Tom Smith is an American jazz musician and educator.
Smith was introduced to fine arts at an early age by his father, a noted trombonist, best known for his work with New Orleans traditional jazz artist Murphy Campo. Tom Smith was the longest continuous member of the North Carolina Artist-in-Residence Program (1984–1992), while based at three separate North Carolina community colleges. A widely acknowledged pioneer of the American community jazz movement (having founded over fifty large community jazz ensembles) his best known group was the Unifour Jazz Ensemble, an eighteen-piece big band and first entirely state funded big band in the United States, that placed seventh in the 1988 Down Beat Readers Poll. In that same poll, Smith placed fifth in the trombone category. As an improvising soloist, he has performed and toured with Louie Bellson, Clark Terry, McCoy Tyner, Joe Henderson, Chris Potter, the New York Voices, Nicholas Payton, Herb Ellis, Donald Byrd, Darius Brubeck and the Manhattan Transfer. Smith is also a noted music historian and researcher. In 2001 he and his research partner Gary Westbrook received recognition for identifying the musical fingerprint for identification of unknown personnel on early recordings.[1] This and subsequent research has received widespread media exposure via National Public Radio's Weekly Edition and Tech TV. In 2014, Tom received the Brubeck Award for Jazz Research.
Since 2002, his works in global jazz education have drawn wide attention. Called by a former Fulbright Executive Director the preeminent jazz Fulbright Scholar in the program's history, Smith is the only foreigner to have been awarded The Romanian National Radio Prize. In 2005, he founded and coordinated the Romanian Jazz Education Seminar, the first summer music camp staged in Romania, and cofounded the first western styled jazz music college in that country (2004). In 2006, his Fulbright work in South Africa included extensive assistance with township based initiatives, alongside devising a strategy to link university jazz education with local Zulu musicians. In 2008, Smith was the recipient of the International Association for Jazz Education Jazz Ambassador Award, having already been awarded Outstanding Service to Jazz Education honors in 1998, 2000, 2001, 2002, 2003, 2005 and 2006. In 2009, Tom received his eighth Fulbright Award (a record for musician professors) and accepted residency at the Serbia Academy of Music (University of Arts) drafting the curriculum for their jazz program. Later, he accepted guest jazz studies appointments in Budva, Montenegro. In 2010, Tom and his wife Sarah relocated to Northeast China where he developed a jazz music strategy for teaching English to native Mandarin speakers.
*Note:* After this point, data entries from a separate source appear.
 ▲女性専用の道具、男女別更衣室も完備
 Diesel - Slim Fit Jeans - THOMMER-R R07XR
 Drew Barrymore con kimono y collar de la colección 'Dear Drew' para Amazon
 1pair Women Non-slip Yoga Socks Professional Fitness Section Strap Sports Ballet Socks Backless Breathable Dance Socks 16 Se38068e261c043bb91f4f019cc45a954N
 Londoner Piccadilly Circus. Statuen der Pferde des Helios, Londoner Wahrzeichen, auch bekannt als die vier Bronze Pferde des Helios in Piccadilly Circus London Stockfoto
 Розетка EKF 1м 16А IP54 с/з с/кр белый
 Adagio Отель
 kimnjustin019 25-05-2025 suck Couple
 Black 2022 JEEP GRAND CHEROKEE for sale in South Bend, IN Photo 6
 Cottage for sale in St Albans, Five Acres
In 2011 he was appointed a professor of music at Ningbo University (Zhejiang Province, China) assigned to establish the first entirely functional jazz program on the Chinese mainland, that led to formation of numerous instrumental groups and a 40-member jazz choir. In 2013, Tom was awarded the Camellia Award, for noteworthy artistic contributions towards social betterment for the Greater Ningbo Region.